Miami, then, is less about protecting a points lead and more about proving Melbourne wasn’t a one-off. And Miami is a curious place for that test, because Formula 2 is making its first trip to North America. That means one of the usual rookie disadvantages — unfamiliar venues — is softened. Everybody starts from the same blank page.

“Obviously for me, it’s very exciting to have a new track on the calendar,” Tsolov said. “We all start from zero, which is quite good for me as a rookie.

“I believe I’ve prepared quite well on the sim. Some work on the preparation comes from F1 as well, watching what they’ve done over the past few years at this track. It seems like an exciting new challenge, which I’m ready to take on, and just can’t wait to get it started already after the break.”

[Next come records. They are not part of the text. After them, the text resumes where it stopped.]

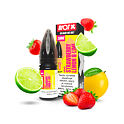 RIOT X Salt Strawberry Lemon & Lime (Jahoda, citron a limetka) 10ml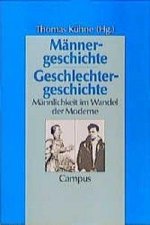 Männergeschichte, Geschlechtergeschichte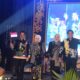 Bupati dan Wabup Pulang Pisau Tampil di Fashion Show SINTA Benang Bintik, Angkat Budaya Lokal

Miami also begins a North American double-header for F2, with Montreal’s Circuit Gilles Villeneuve up next. Two new circuits in quick succession can scramble the normal pecking order — and that makes consistency, the word Tsolov keeps coming back to, even more precious.

As for Marko, the image of him awake at an unkind hour in Europe, checking in on an F2 feature race and firing off a terse congratulatory text, feels completely on brand. Red Bull has moved into a new phase post-2025, with different faces running the day-to-day and a new internal tone to match. But the programme’s foundational instincts — identifying talent early, pushing it hard, and keeping tabs on it relentlessly — don’t vanish overnight.

Tsolov’s message from Marko is proof of that. Whatever the organisational chart says in 2026, Marko is still watching. And if you’re a Red Bull junior leading Formula 2 after one round, you can be sure you’re not just on the grid in Miami — you’re on the radar, too.